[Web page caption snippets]

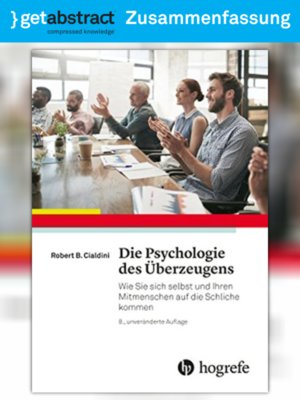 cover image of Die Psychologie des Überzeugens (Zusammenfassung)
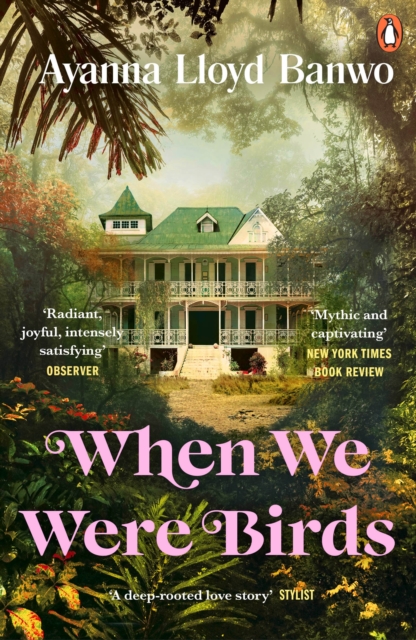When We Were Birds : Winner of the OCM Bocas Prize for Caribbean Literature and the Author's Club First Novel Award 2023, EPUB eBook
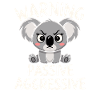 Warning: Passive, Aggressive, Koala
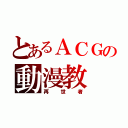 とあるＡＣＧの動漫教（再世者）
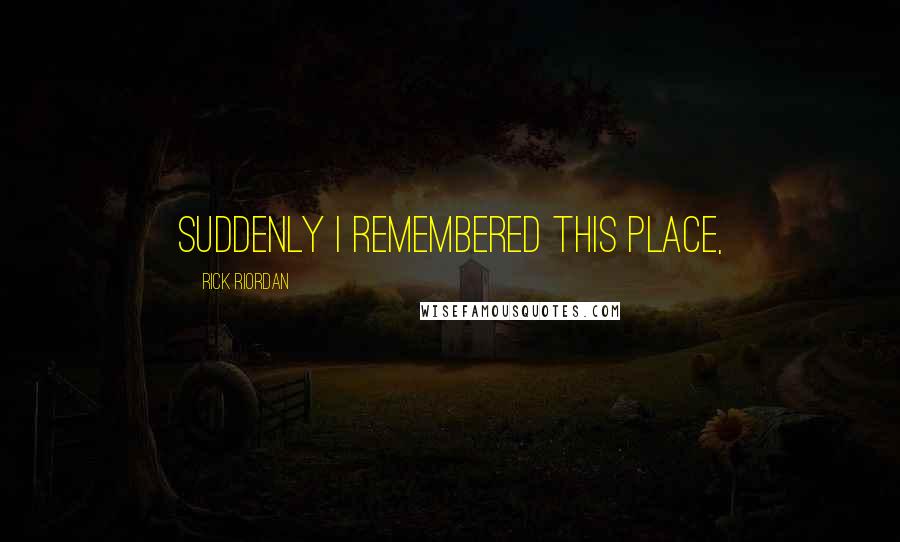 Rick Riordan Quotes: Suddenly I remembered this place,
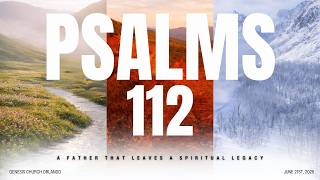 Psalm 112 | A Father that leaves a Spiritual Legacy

● TASK DETAILS
Only the lines from where the data begins to the line with "とあるＡＣＧの動漫教（再世者）", both of them included, should be reproduced word for word; no pictures.

● SOLUTION TO THE EXERCISE
 cover image of Die Psychologie des Überzeugens (Zusammenfassung)
When We Were Birds : Winner of the OCM Bocas Prize for Caribbean Literature and the Author's Club First Novel Award 2023, EPUB eBook
 Warning: Passive, Aggressive, Koala
 とあるＡＣＧの動漫教（再世者）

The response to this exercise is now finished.